On the Semantic Web, URIs identify not just Web documents, but also real-world objects like people and cars, and even abstract ideas and non-existing things like a mythical unicorn. We call all these real-world objects or (according to WWW-Arch) non-information resources.

@@Danny Ayers: I believe it came in a recent thread on semantic-web@w3.org that "non-information resource" wasn't defined in WebArch, though I haven't checked. If so, should be reworded. My suggestion for rewording is to delete that last sentence
@@ Leo Sauermann: there is no other term offered. Suggestion: remove "(according to WWW.Arch)"

Given such a URI, how can we find out what resource it identifies?
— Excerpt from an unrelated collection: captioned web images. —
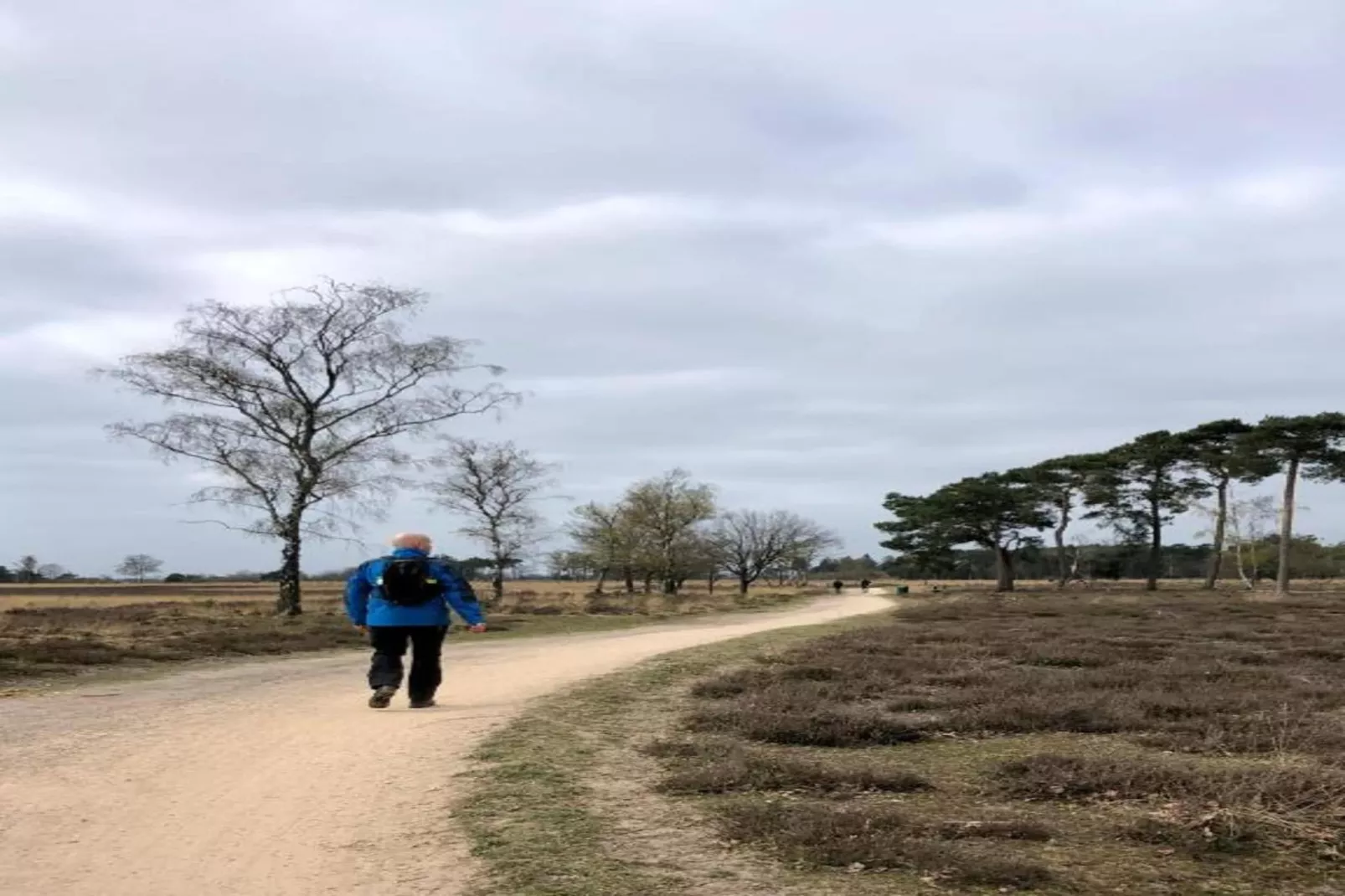 Bospark 't Wolfsven 12-Gebieden zomer 5km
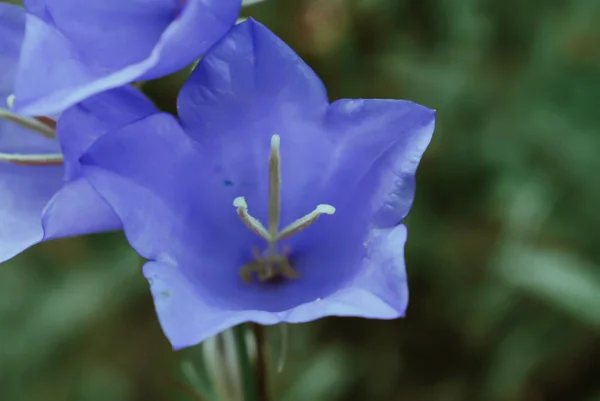 Macro Shot Beautiful Blue Bellflowers — 스톡 사진
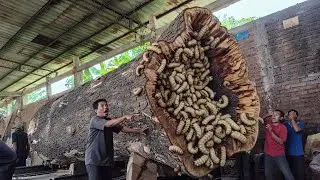 UNEXPECTED DISCOVERY!! Beautiful Trembesi Giant Reveals Its Secret Beauty During Sawing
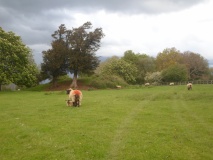 Whaddon Barrow - PID:227664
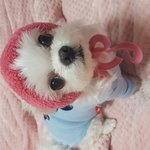 말티즈가족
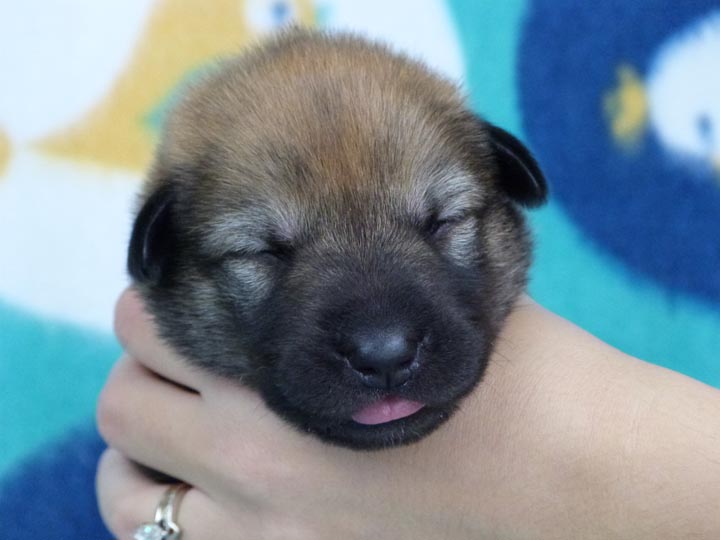 chinook puppy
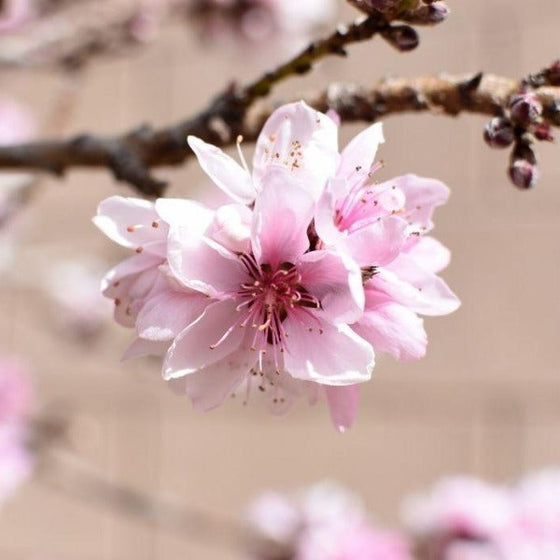 Bonfire Peach Tree light pink spring flower cluster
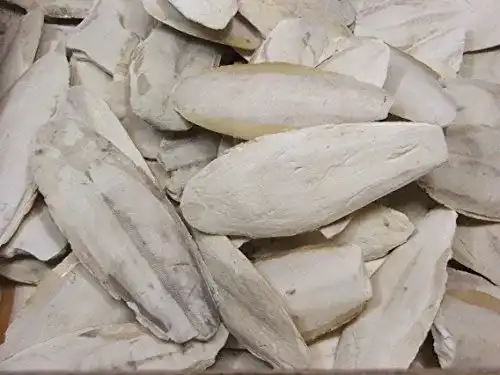 Sepiaschalen Lasama Bruch 100 g für Terraristik und Haustiere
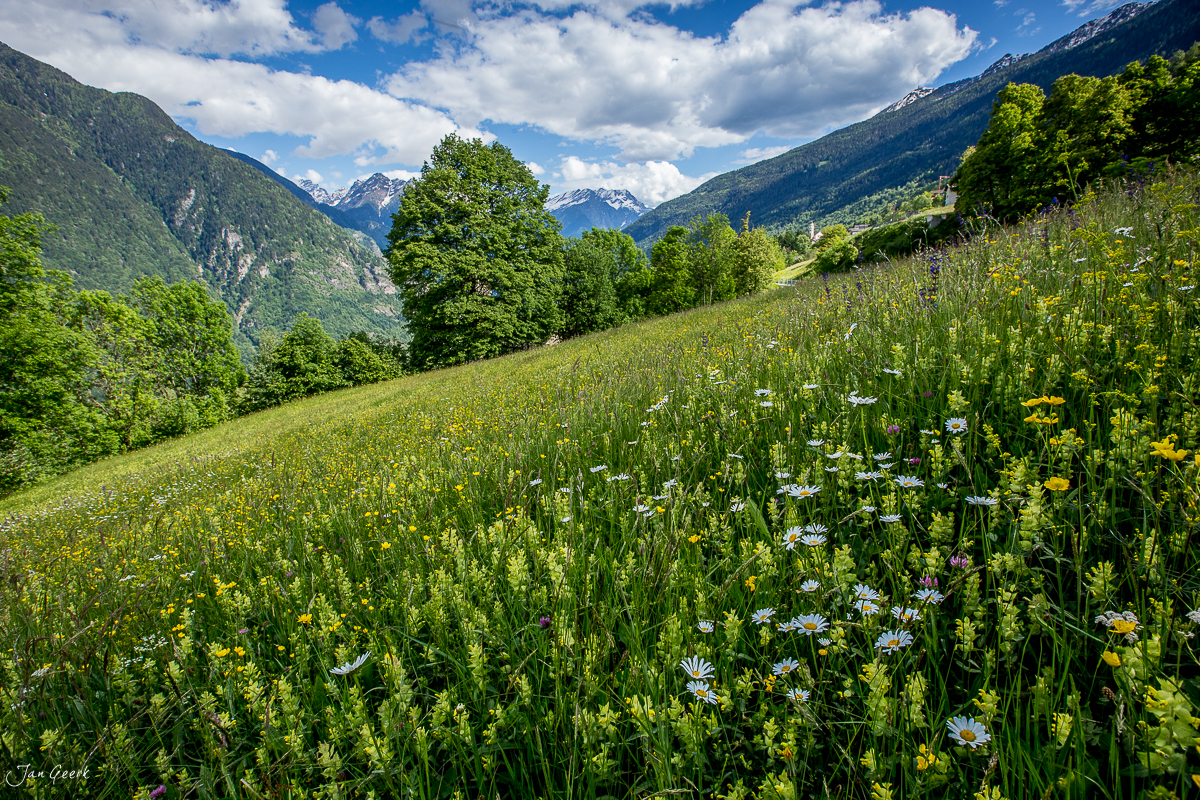 Blütenwiese im Bleniotal mit Bergpanorama im Frühling, Nordtessin Schweiz – Jan Geerk Fotograf Basel
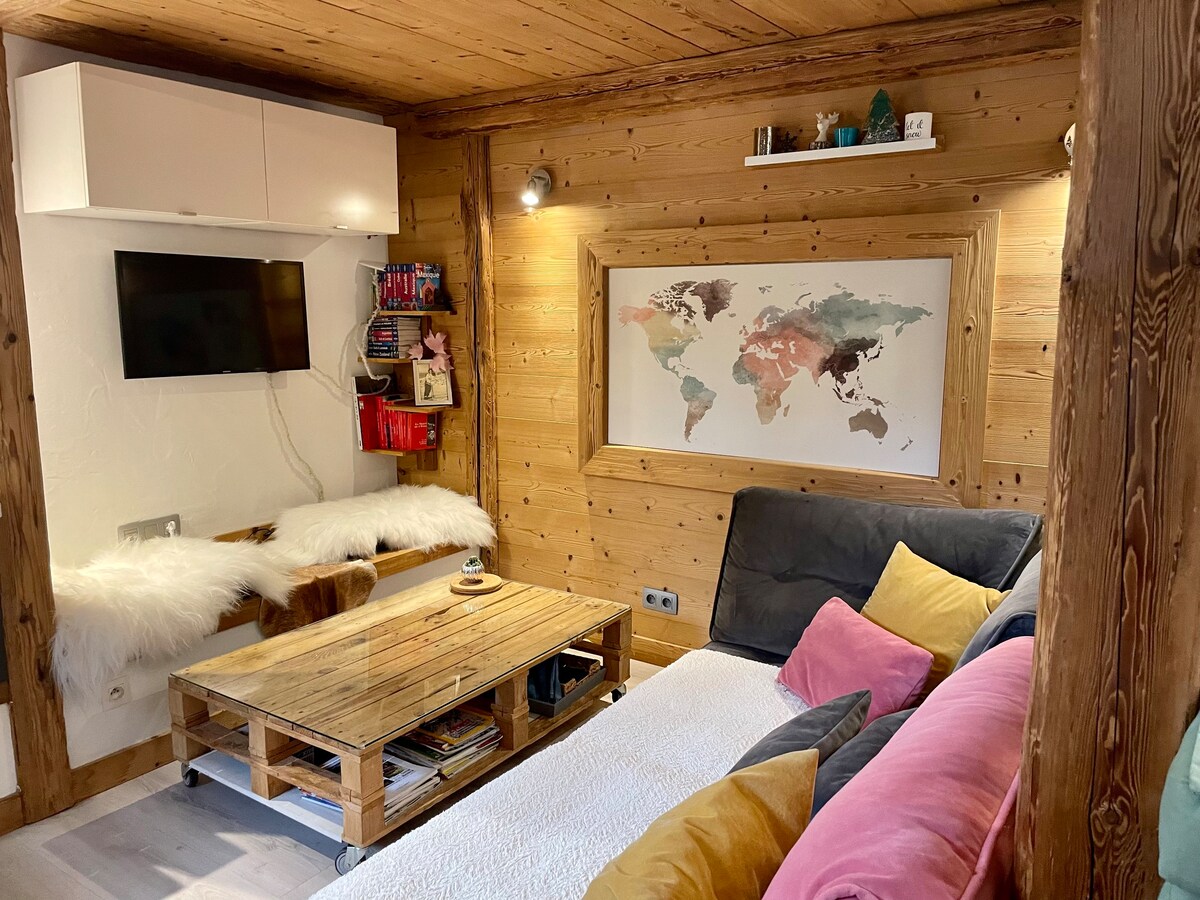 现代舒适的小度假木屋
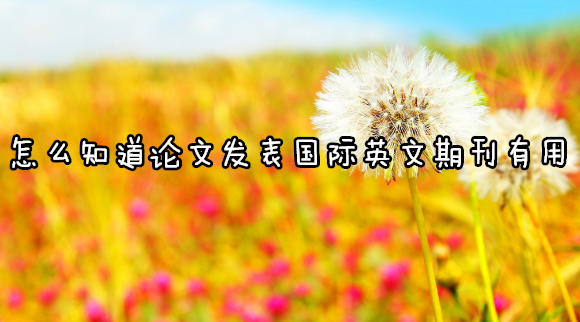 怎么知道论文发表国际英文期刊有用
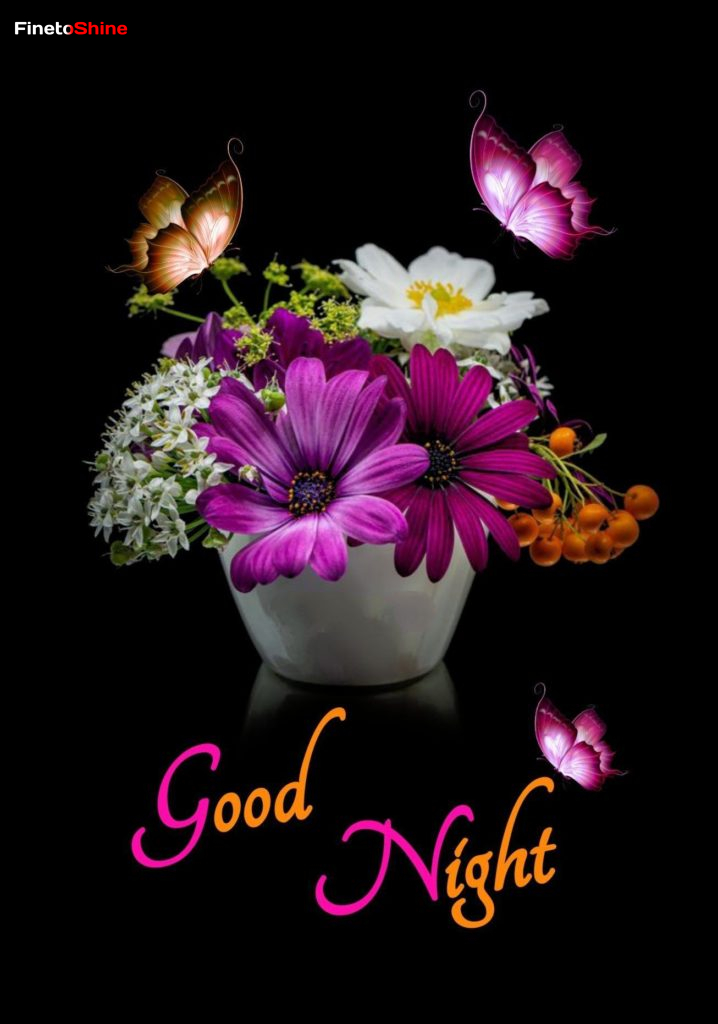 GoodNight Images 2 GoodNight Images 2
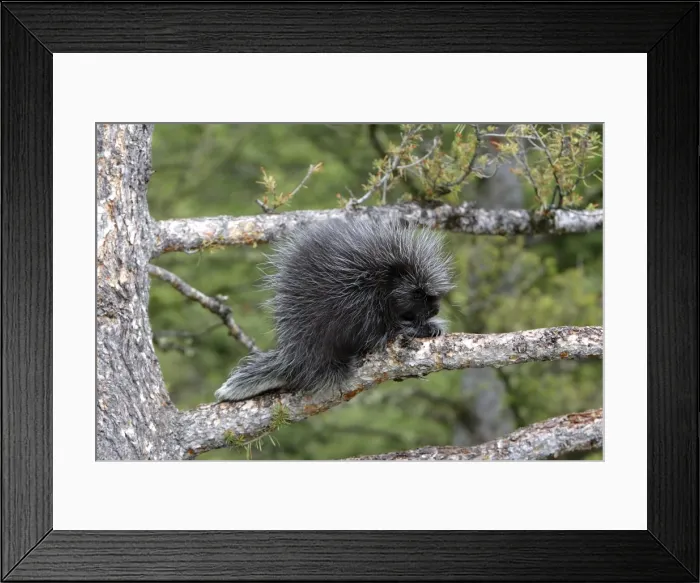 Framed Print : North American Porcupine - baby in tree. Montana - USA Framed Print : North American Porcupine - baby in tree. Montana - USA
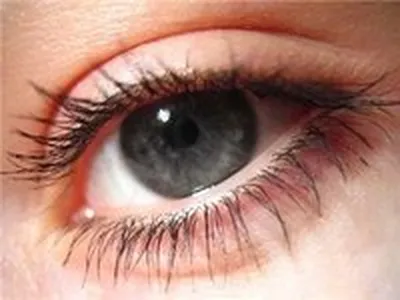 Сам себе косметолог: массаж глаз по методу Dr. med. Christine Schrammek |  Posta-Magazine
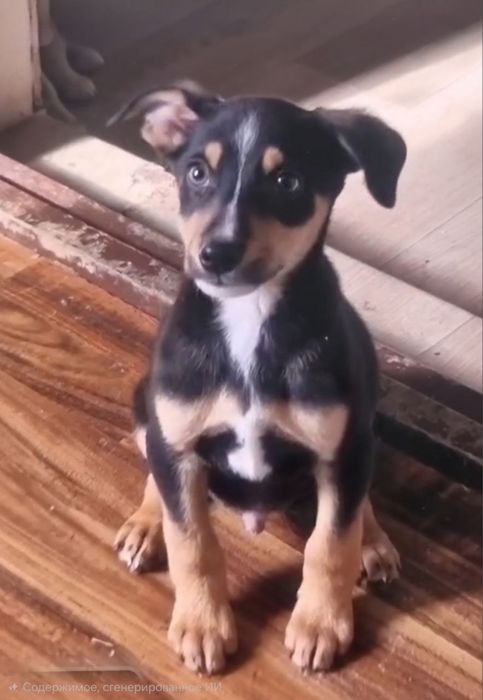 Маленькие щенки в поисках дома ! Ташкент! СРОЧНО!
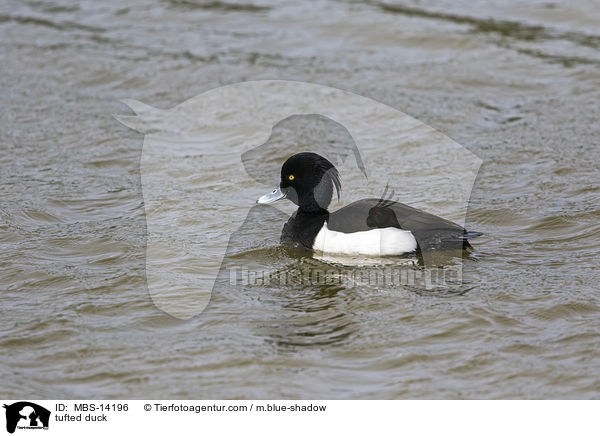tufted duck / MBS-14196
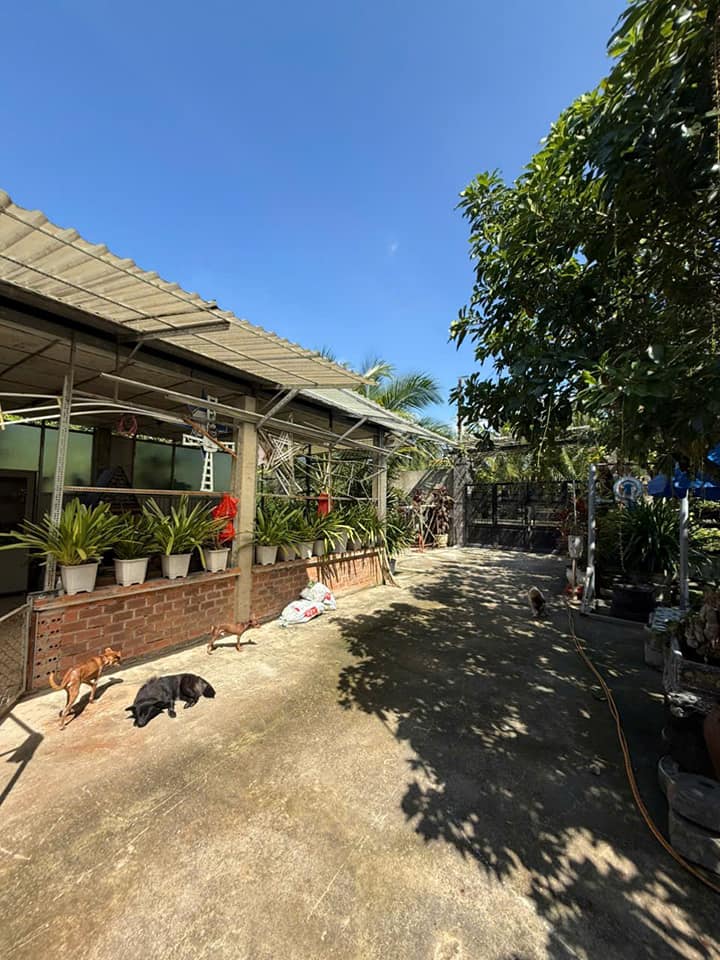 Nhà cho thuê sân vườn tại Cầu Ngang, Bình Nhâm - Diện tích 300m², giá chỉ 7 triệu/tháng!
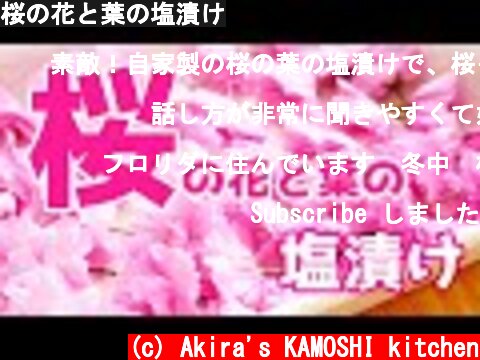 桜の花と葉の塩漬け  (c) Akira's KAMOSHI kitchen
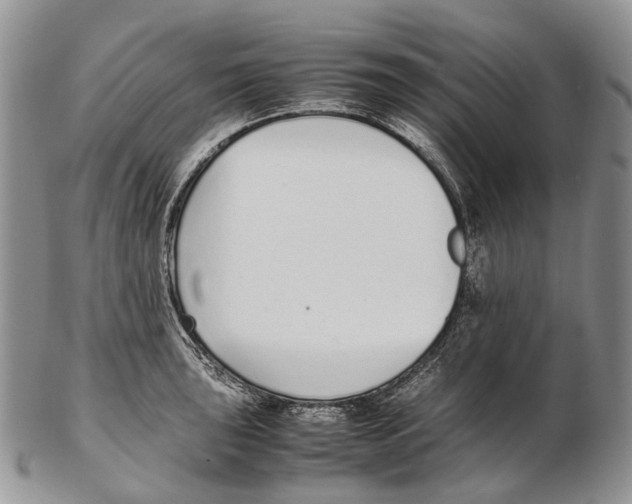 X0000102271043200808221433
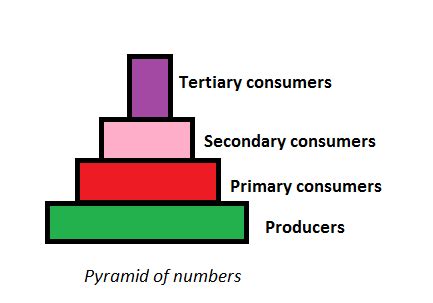 Ecological Pyramid Of Numbers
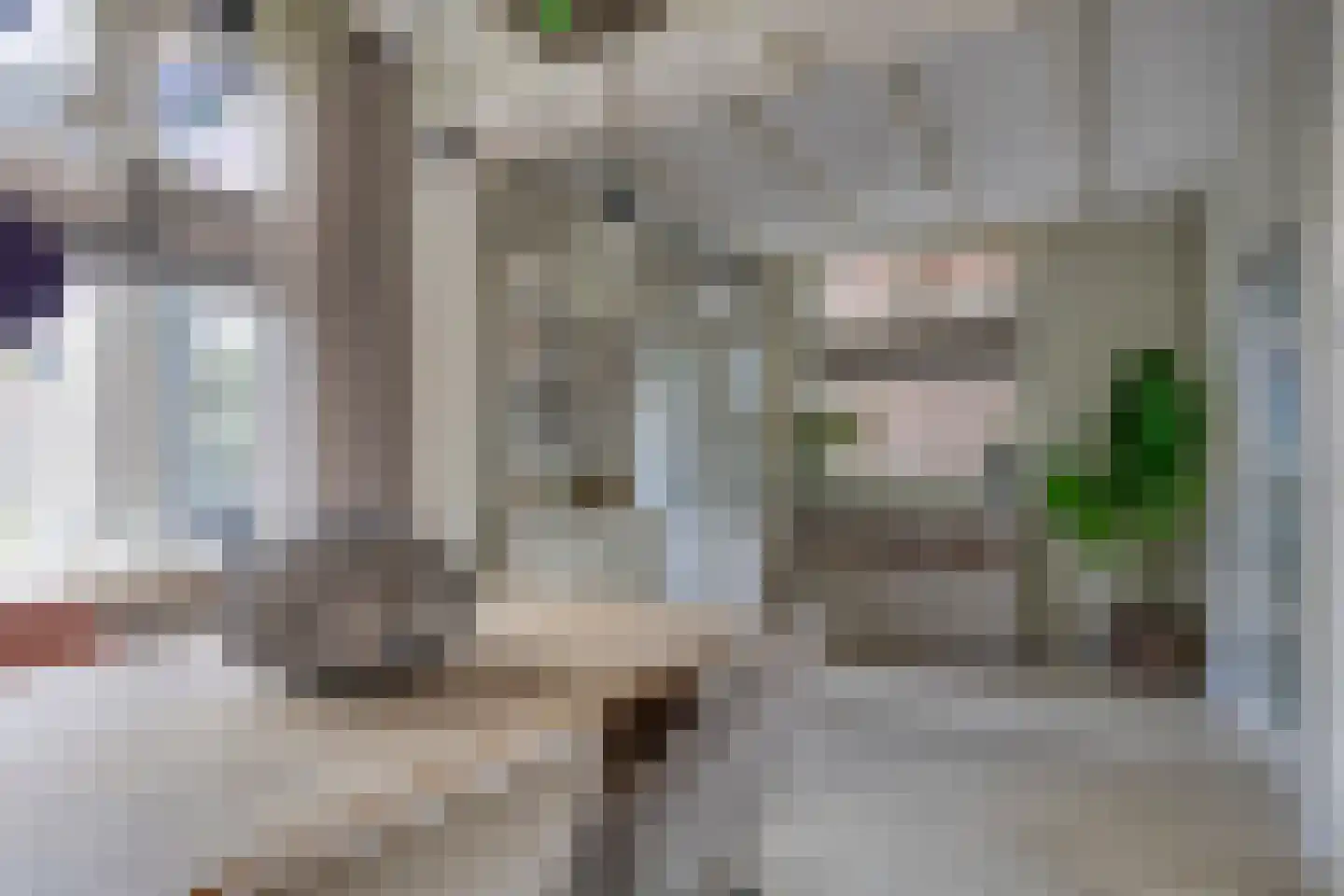 Anninksweg 69 Hengelo thumbnail 20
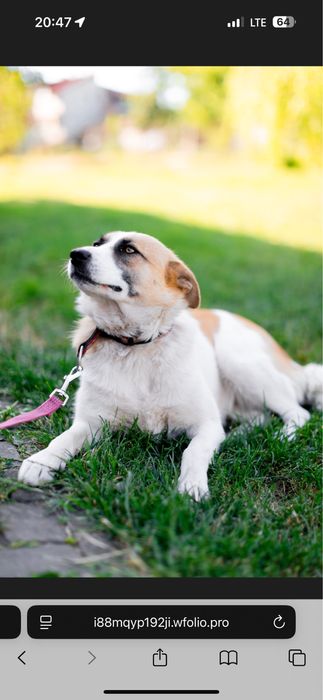 Прилаштовується собака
We need some way to answer this question, because otherwise it will be hard to achieve interoperability between independent information systems. We could imagine a service where we can look up a description of the identified resource, similar to today's search engines. But such a single point of failure is against the Web's decentralised nature.

Instead, we should use the Web itself—an extremely robust and scalable information publishing system—as a lookup service for resource descriptions. Whenever a URI is mentioned, we can look it up to retrieve a description containing relevant information and links to related data. This is so important that we make it our number one requirement for good URIs:

1. Be on the Web.: Given only a URI, machines and people should be able to retrieve a description about the resource identified by the URI from the Web. Such a look-up mechanism is important to establish shared understanding of what a URI identifies. Machines should get RDF data and humans should get a readable representation, such as HTML. The standard Web transfer protocol, HTTP, should be used.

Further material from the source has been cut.